The unlikely story of the greatest Ford GT40
A dirt-smeared, oil-stained Ford GT40 looked oddly out of place at the 1968 Paris Motor Show in the company of so many perfectly polished road cars, but there it was, centre-stage on the Blue Oval’s stand, heroic in the blue-and-orange warpaint it had worn only a few days earlier when winning the 24-hour battle at Le Mans. It’s doubtful whether visitors to the Salon de l’Automobile appreciated it at the time, but Ford was showing a legend in the making. It’s this legend, and this particular car - GT40 chassis 1075 - which we look at in the latest addition to our highly acclaimed Great Cars series.
The Gulf Oil-backed team running this GT40 might have been tempted to put the car into retirement after the Paris Show, knowing that it was under increasing threat from newer racing rivals and that its place in racing history was guaranteed - but the best was yet to come.

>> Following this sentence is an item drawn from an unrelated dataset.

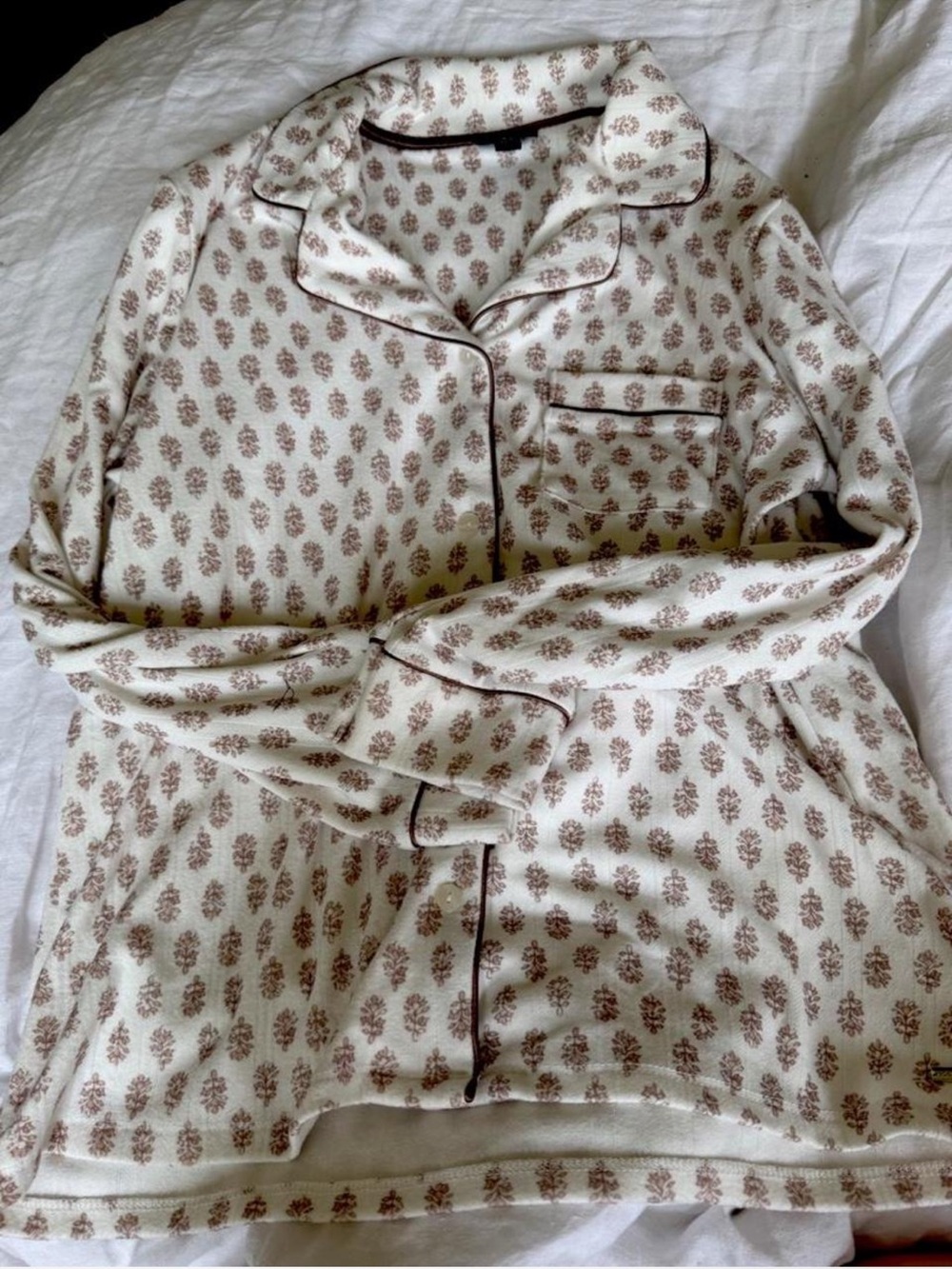 Tahari Cream Pajama-Style Printed Top with Brown Piping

Keeping faith with the GT40, John Wyer’s JW Gulf team took 1075 to five outright victories from 11 starts in ’68 and ‘69, including two successive wins at Le Mans, making it the most successful (or perhaps we should say winningest) GT40 of them all.
Every bit as colourful as the Gulf Oil livery was the vengefulness that inspired the GT40 in the first place. After Ford Motor Company was jilted in its attempt to buy Ferrari, because it had insisted its acquisition should include control of the Italian marque’s racing activities, Henry Ford II reputedly said of Enzo Ferrari that he’d “kick his ass.” This famously set in motion at Ford a sports car racing programme bigger and more costly than any ever seen before.

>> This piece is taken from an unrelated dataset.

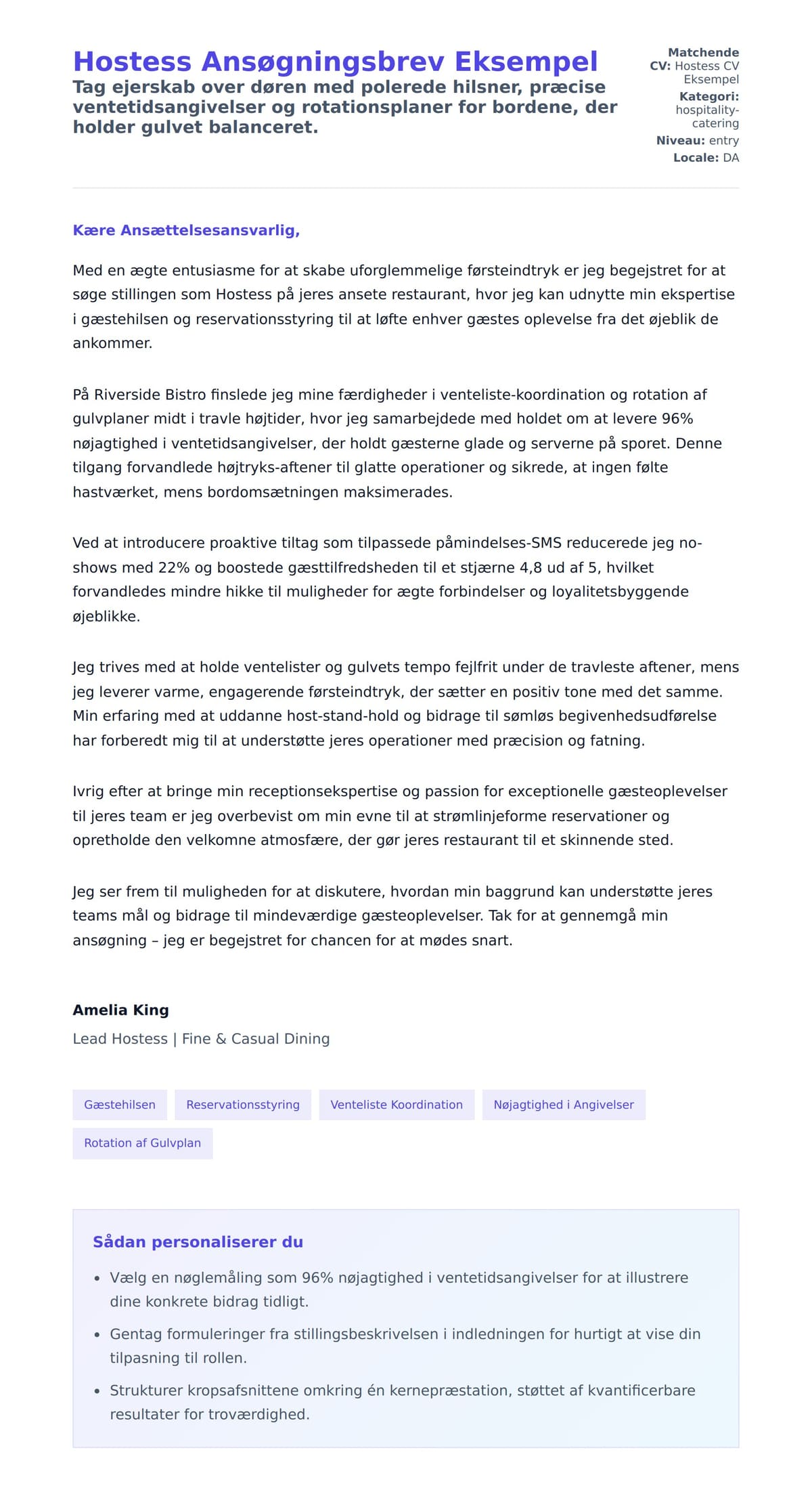 Ansøgningsbrev forhåndsvisning for Hostess Ansøgningsbrev Eksempel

What’s not so widely appreciated is that the most accomplished of all GT40s arrived at a time when Ford had withdrawn its factory team and Ferrari had faded from sports car racing. Ford had shelled-out $20m to win Le Mans with the Shelby-American team in ’66 and ’67 and was unwilling to splash any more cash. Ferrari had won Le Mans every year from ’60 to ’65 (as well as in ’58, ’54 and ’49) and was now focused on Formula 1.
This means GT40 1075 won Le Mans in ’68 despite Ford’s prior withdrawal; despite one of its drivers, Lucien Bianchi, spinning the car in the wet conditions that made the race treacherous for four hours; and despite its other driver, Pedro Rodriguez, having something of a reputation as a firebrand and car-breaker. Even more surprising was Le Mans a year later, where 1075 was driven by Jacky Ickx and Jackie Oliver against apparently unbeatable opposition from Porsche and won again.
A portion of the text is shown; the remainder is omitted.